Obviously when I'm trying to match the hatch with these small baits, it can be really difficult and sometimes it just comes down to throwing something like a small soft plastic or a teaser and just trying to present that in a way that the fish will see it out of the school of bait. But in general, I'm always going to ... and this is for most of the season, but specifically the fall run, I'm always going to carry a few metal lips. Depending on where I'm fishing, what style, what kind might vary, but the classic Danny plug, the classic Pikey, both of those are great plugs. I'll always have probably one of those in my bag.

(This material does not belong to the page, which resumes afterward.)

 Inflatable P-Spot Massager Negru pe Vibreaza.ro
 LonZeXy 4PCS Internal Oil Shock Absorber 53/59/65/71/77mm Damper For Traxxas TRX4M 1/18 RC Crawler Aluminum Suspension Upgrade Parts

I'll always have darters because I like to fish places with a lot of water movement, a lot of current, so the Super Strike darter is a great option for me. If I'm fishing a little bit of heavier water, maybe a heavy needle or a bottle plug, and then I'll always have bucktails. I love fishing bucktails. I'm not great at it, but I love fishing them. And they're just an awesome presentation for all kinds of bait and they just catch fish like nothing else sometimes.
We talked a little bit about plugs right there. Can you talk a little bit about your setup and your surf casting gear and tackle, especially when you use it for maybe some of these bigger fish in the fall?
All right. If I could only bring one rod in the fall, it would probably be a Lamiglas 1321M. It's an 11 foot blank, two to five ounces. It's a little bit of a heavier rod, but it will throw the lower end of its range well, and also the higher end. It's kind of my go to rod in the fall. It'll throw everything from yules to bottle plugs, bucktails, darters, anything I want to throw in my bag.
And normally, I fish a lot of heavy surf. I'm in a wet suit a lot of the time, so I pair that up normally with a Van Staal, a Van Staal 250 on that particular setup. And I'm a big fan of fishing heavier tackle because I fish a lot of rocks, a lot of structure. Normally, I'm using a 40 or 50 pound braided line and then 50 or 60 pound leader, heavier gear than a lot of guys use, but I'm not really looking to be sporting with the fish. I'm looking to hook them, catch them and land them quickly.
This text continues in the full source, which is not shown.